PROMPT =>
Write the records out again exactly, leaving no images in.

EXERCISE MATERIAL Start Marker

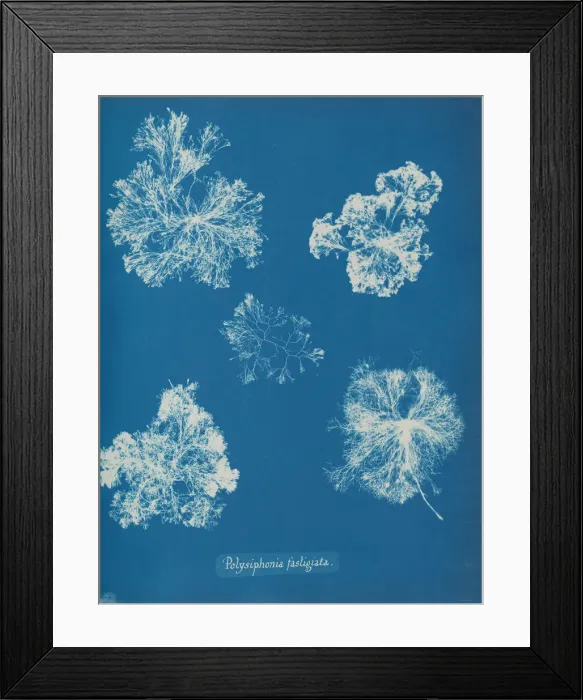 Framed Print : Polysiphonia fastigiata, ca. 1853. Creator: Anna Atkins Framed Print : Polysiphonia fastigiata, ca. 1853. Creator: Anna Atkins
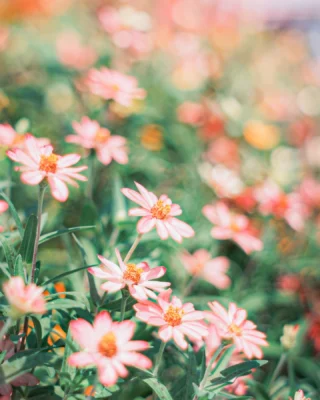@miraidane.jp 
ジニアの花畑
.
.
−−−−−−−−−−−−−−−−−−−−
Flower：#ジニア
Location：Fukuoka
Camera：FUJIFILM X-T50
Lens：Super Takumar 55mm F1.8
−−−−−−−−−−−−−−−−−−−−
#季節の花  #ノスタルジックな風景 
#花のある暮らし　#花写真　
#ガーデニング　#花まっぷ
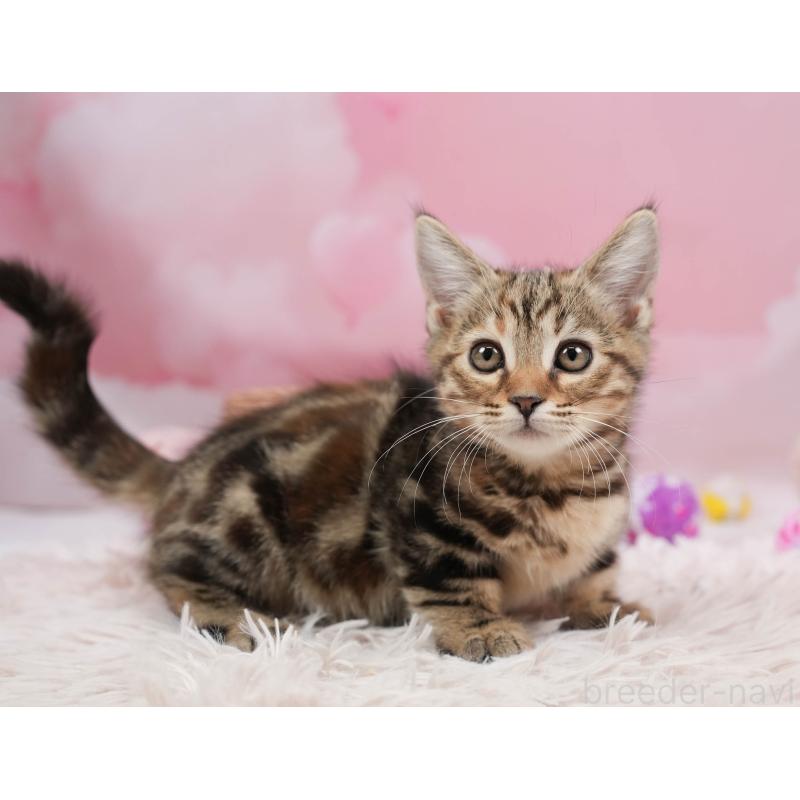 販売中の埼玉県のマンチカン-137591の3枚目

EXERCISE MATERIAL End Marker

ANSWER TO THIS EXERCISE =>
 Framed Print : Polysiphonia fastigiata, ca. 1853. Creator: Anna Atkins Framed Print : Polysiphonia fastigiata, ca. 1853. Creator: Anna Atkins
@miraidane.jp 
ジニアの花畑
.
.
−−−−−−−−−−−−−−−−−−−−
Flower：#ジニア
Location：Fukuoka
Camera：FUJIFILM X-T50
Lens：Super Takumar 55mm F1.8
−−−−−−−−−−−−−−−−−−−−
#季節の花  #ノスタルジックな風景 
#花のある暮らし　#花写真　
#ガーデニング　#花まっぷ
 販売中の埼玉県のマンチカン-137591の3枚目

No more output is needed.